El tema de hoy es la crueldad o, más bien, el tema canónico de este festival, desde hace años, es la crueldad. Cannes es una fábrica de crueldad matizada por películas políticamente correctas que ganan premios. Por mi parte, no escribo sobre un mero capricho, tampoco tengo una obsesión. En Cannes, la selección oficial y sus autores se complacen en la crueldad, y esto reclama ser pensado. Un buen ejemplo: ya van dos películas en donde se incluye una escena en la que un bebé llora en un plano que se sostiene por un tiempo considerable con fines didácticos y aleccionadores. El ruso Zvyagintsev en Loveless y ahora el mexicano Michel Franco en Las hijas de Abril creyeron necesario incluir escenas de ese talante. En los dos casos están al final y tienen una función simbólica que cumplir. Reforzar un concepto. Son escenas que resultan equivalentes a los textos marcados con resaltador en los apuntes de los estudiantes.
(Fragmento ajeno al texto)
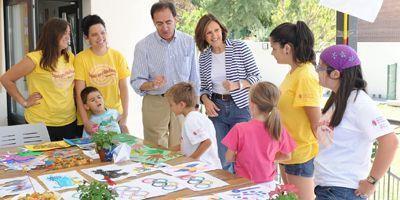 La concejal de Familia clausura la Colonia de verano para niños y jóvenes con discapacidad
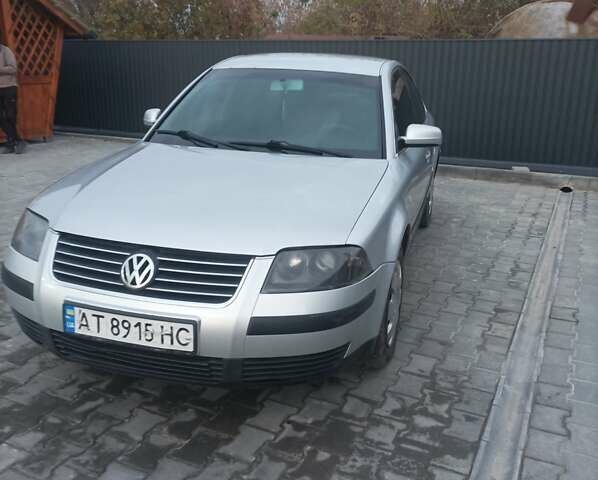 Серый Фольксваген Пассат, объемом двигателя 1.6 л и пробегом 316 тыс. км за 3500 $, фото 1 на Automoto.ua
En los cineastas alegóricos, que Cannes recluta regularmente, la escena punitiva siempre está al final. Es el mensaje, el dedo levantado, el megáfono con el que gritan la verdad que se desea predicar y escribir con sangre. Debo informar que hoy se vio una escena mejor, más frontal y sin concesiones: un abuelito ricachón podrido de respirar le pide a su nieta que empuje su silla de ruedas en dirección al mar. El abuelito no es Alfonsina, y la niña pertenece al cosmos opuesto de Heidi. En cualquier momento encarna Belcebú. Es que los responsables del festival no se privan de nada. Hoy se celebró un film en el que todas las generaciones representadas se sienten hermanadas bajo la máxima obsesión de Cioran. Quitarse la vida en familia: mucho mejor.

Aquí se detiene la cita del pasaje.